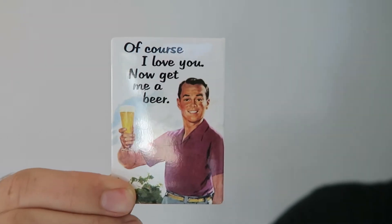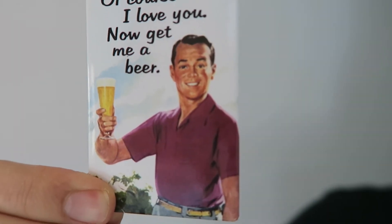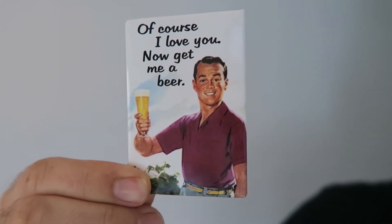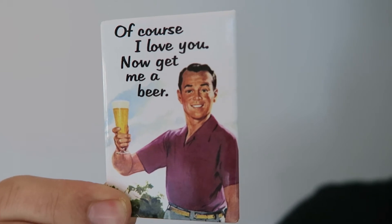This morning I looked at the refrigerator and noticed a magnet that's been there for a while. My wife and I have been married for 12 years as of a few days ago. It's just a funny, silly magnet on our fridge — I forget it's there. But look at this man. You can imagine this ad was from the 50s or 60s. I want to be that guy. When I look at him, he's probably in his early 40s, but he looks healthy and lean.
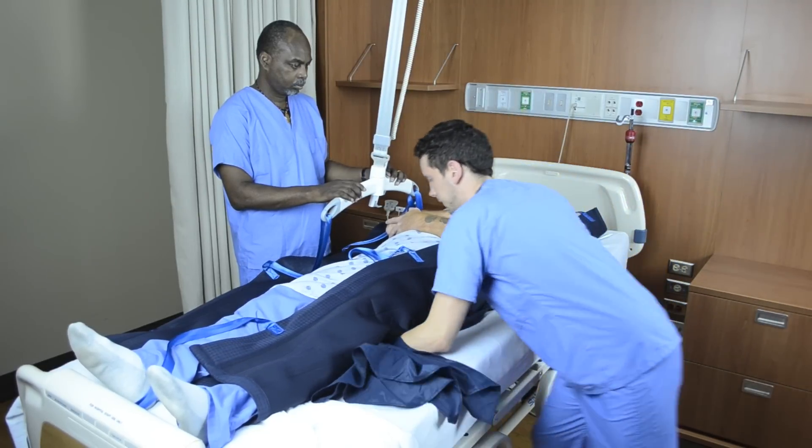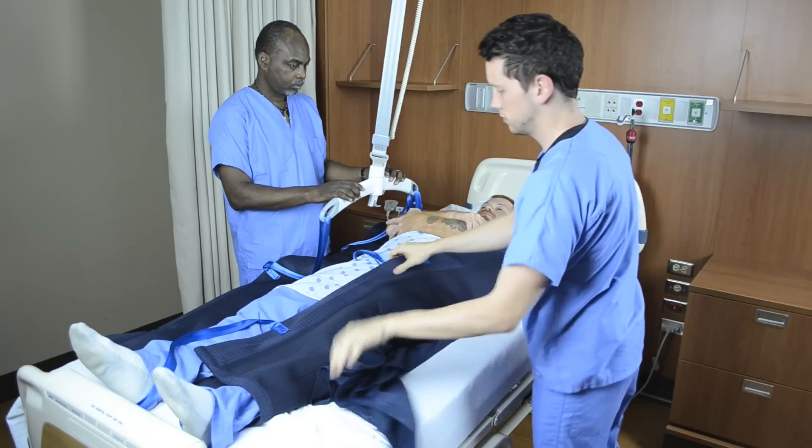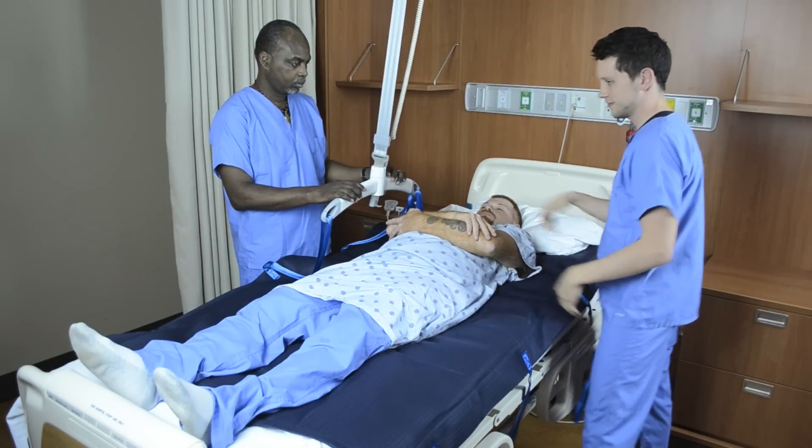Attach the straps on one side of the sling to the carry bar. Make sure all straps are secure on the carry bar lifting hooks.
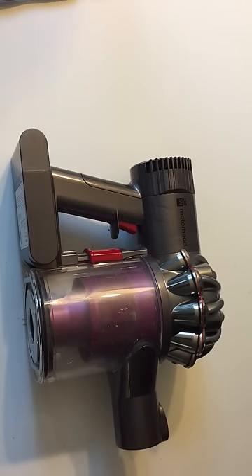Okay, that's the DC-59 Animal, although this should hold true for some other Dyson cordless vacuums.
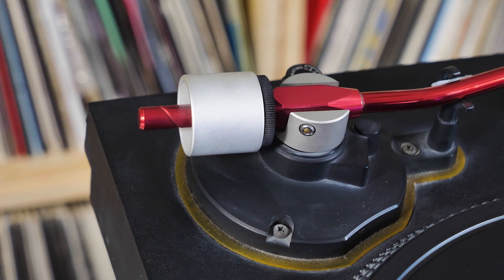Would you guys use this turntable today? Would you guys scratch with it? Would you guys mix with it? Let me know what you guys think in the comments below, and I'll see you next time.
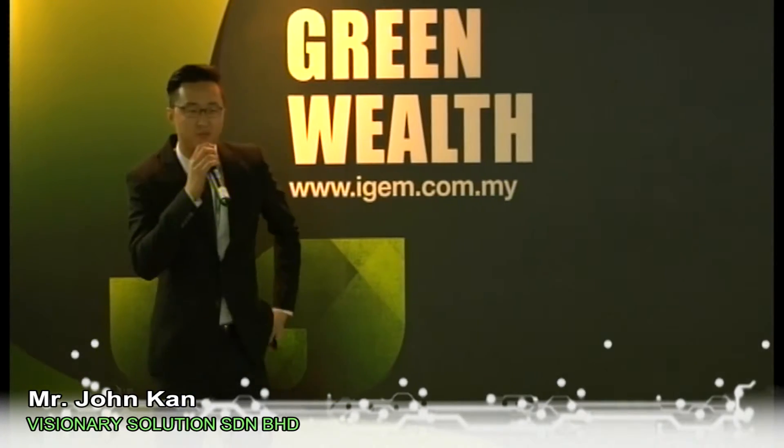Hi, good morning everyone. I'm John, I'm from Visionary Solutions. So today I'm going to introduce Visionary Solutions before I talk about our Dyson Airblade hand dryers.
* * *
### Prompt
Copy the data word for word. Pictures do not go in the copy.

### Answer box
This morning I looked at the refrigerator and noticed a magnet that's been there for a while. My wife and I have been married for 12 years as of a few days ago. It's just a funny, silly magnet on our fridge — I forget it's there. But look at this man. You can imagine this ad was from the 50s or 60s. I want to be that guy. When I look at him, he's probably in his early 40s, but he looks healthy and lean.
Attach the straps on one side of the sling to the carry bar. Make sure all straps are secure on the carry bar lifting hooks.
Okay, that's the DC-59 Animal, although this should hold true for some other Dyson cordless vacuums.
Would you guys use this turntable today? Would you guys scratch with it? Would you guys mix with it? Let me know what you guys think in the comments below, and I'll see you next time.
Hi, good morning everyone. I'm John, I'm from Visionary Solutions. So today I'm going to introduce Visionary Solutions before I talk about our Dyson Airblade hand dryers.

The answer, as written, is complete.